Top of AVAILABLE DATA

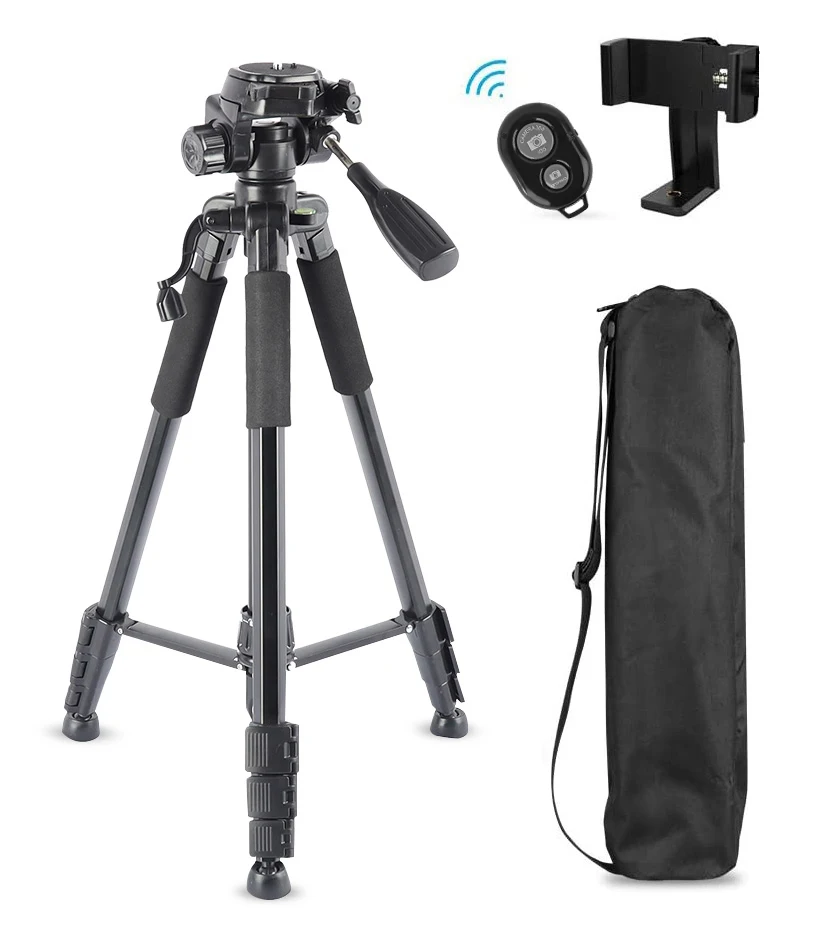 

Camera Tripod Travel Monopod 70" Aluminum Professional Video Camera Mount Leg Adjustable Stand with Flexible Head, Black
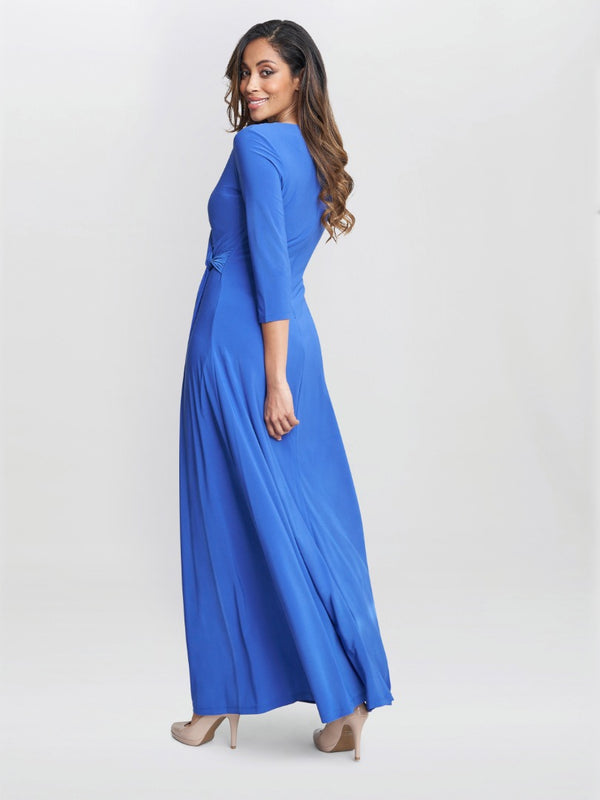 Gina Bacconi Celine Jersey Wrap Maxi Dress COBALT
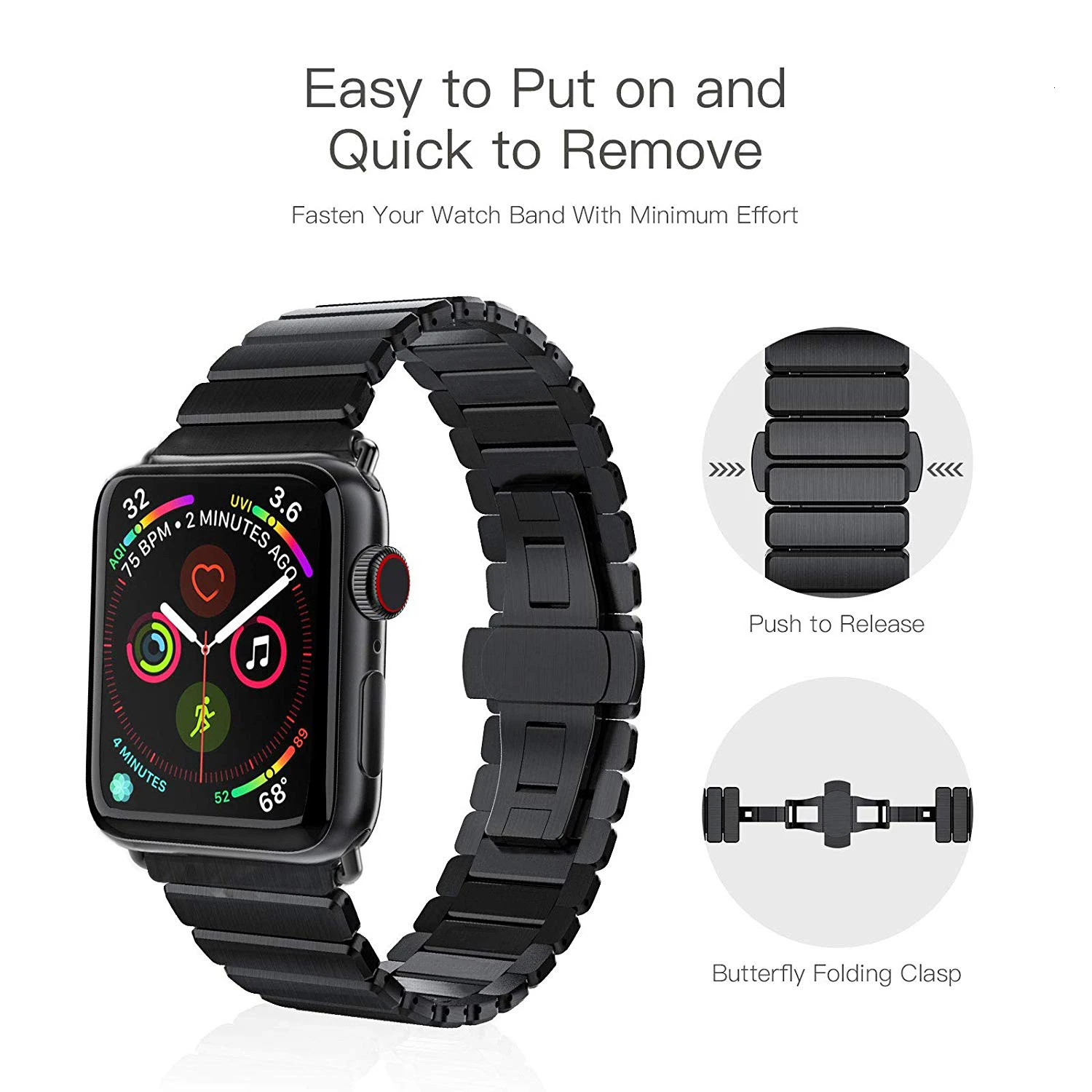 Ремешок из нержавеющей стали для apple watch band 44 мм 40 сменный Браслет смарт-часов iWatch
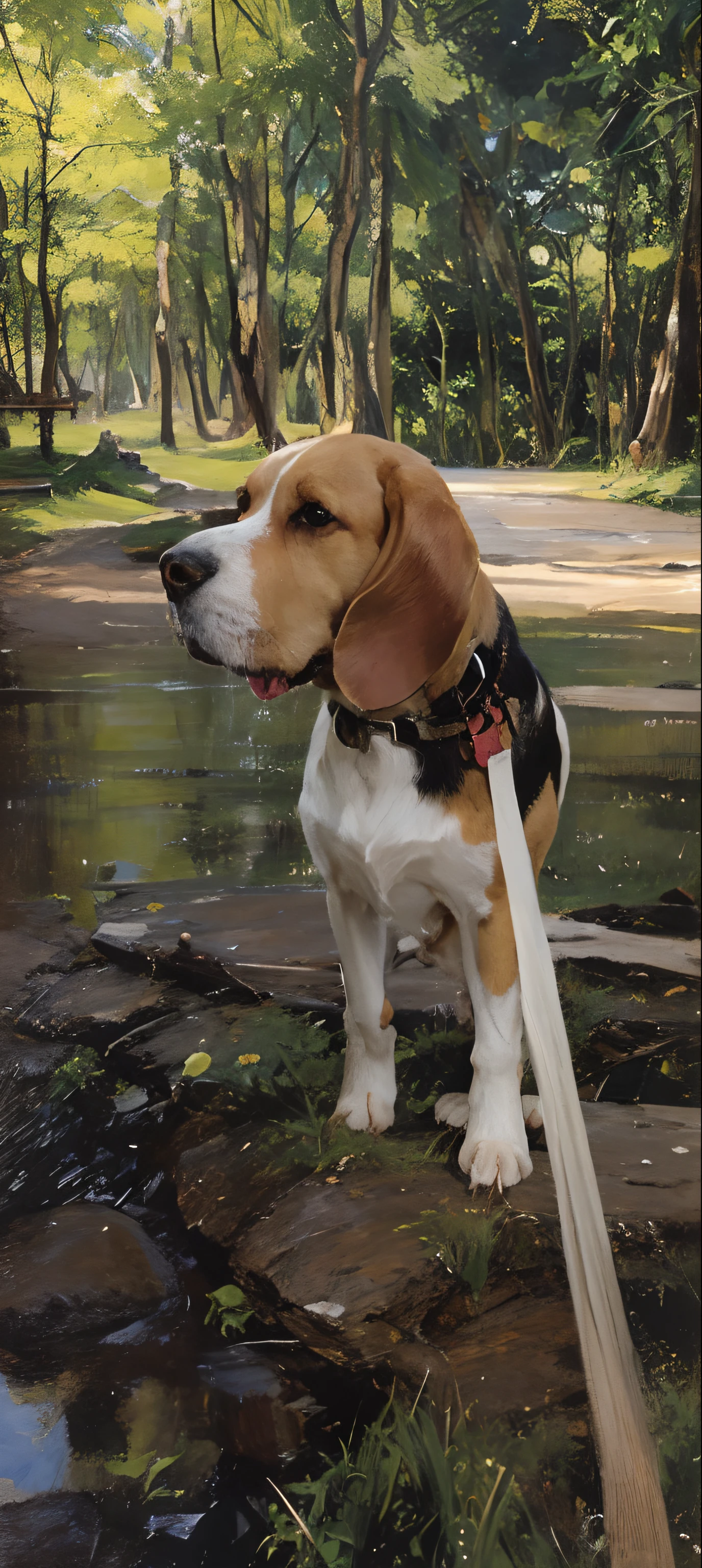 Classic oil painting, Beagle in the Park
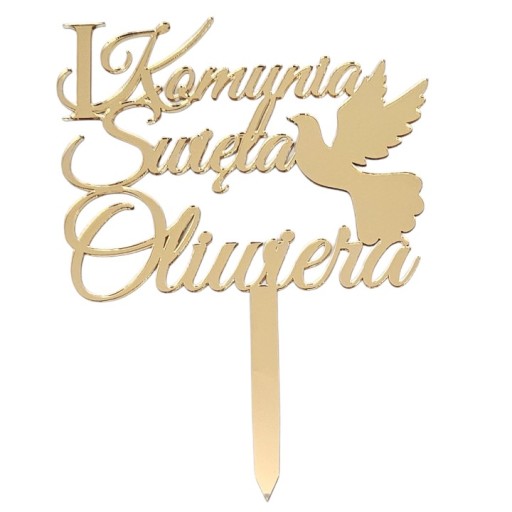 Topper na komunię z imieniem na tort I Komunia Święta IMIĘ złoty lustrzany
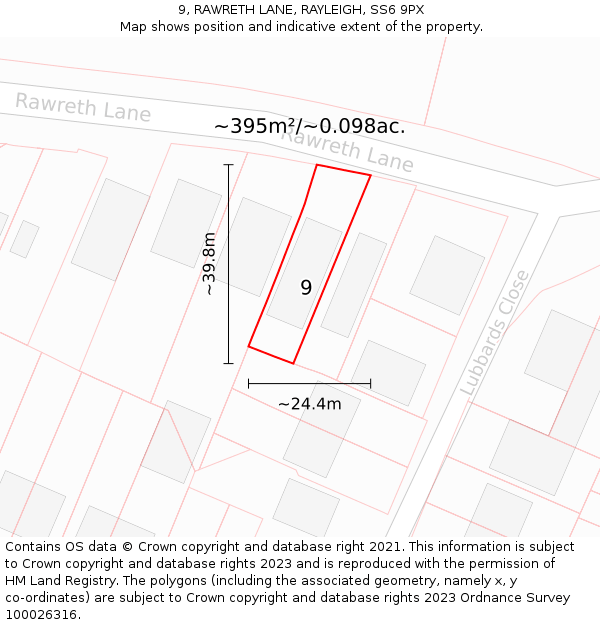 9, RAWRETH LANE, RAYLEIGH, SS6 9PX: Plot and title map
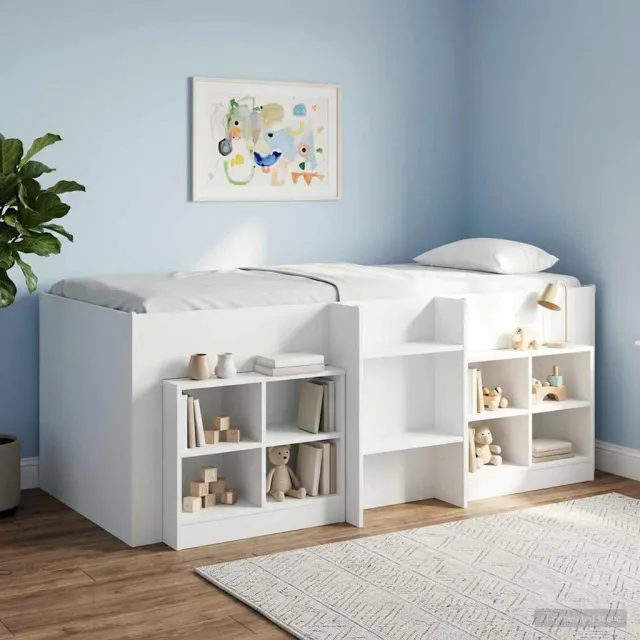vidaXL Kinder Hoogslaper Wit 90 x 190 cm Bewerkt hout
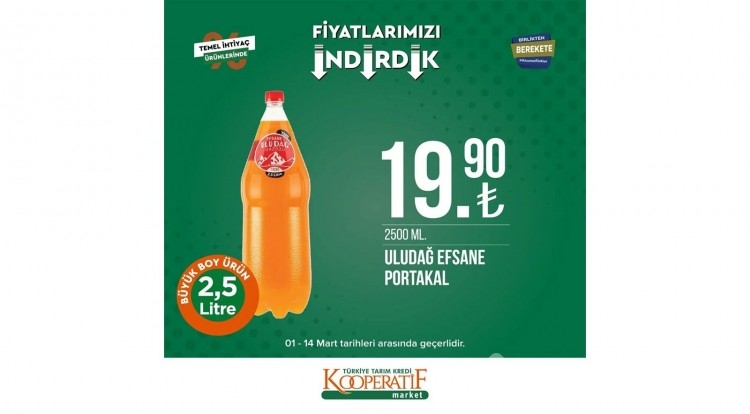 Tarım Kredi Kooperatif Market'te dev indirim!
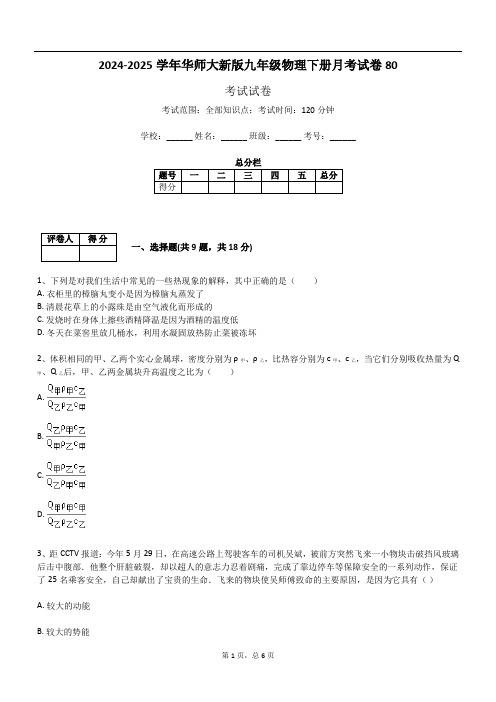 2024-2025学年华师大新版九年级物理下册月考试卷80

Bottom of AVAILABLE DATA

*TASK DIRECTIONS*.
All lines from the one containing "Classic oil painting, Beagle in the Park" through the end of the entries, both ends included, should be written out exactly, with no pictures.

*FINISHED EXERCISE*.
 Classic oil painting, Beagle in the Park
 Topper na komunię z imieniem na tort I Komunia Święta IMIĘ złoty lustrzany
 9, RAWRETH LANE, RAYLEIGH, SS6 9PX: Plot and title map
vidaXL Kinder Hoogslaper Wit 90 x 190 cm Bewerkt hout
 Tarım Kredi Kooperatif Market'te dev indirim!
 2024-2025学年华师大新版九年级物理下册月考试卷80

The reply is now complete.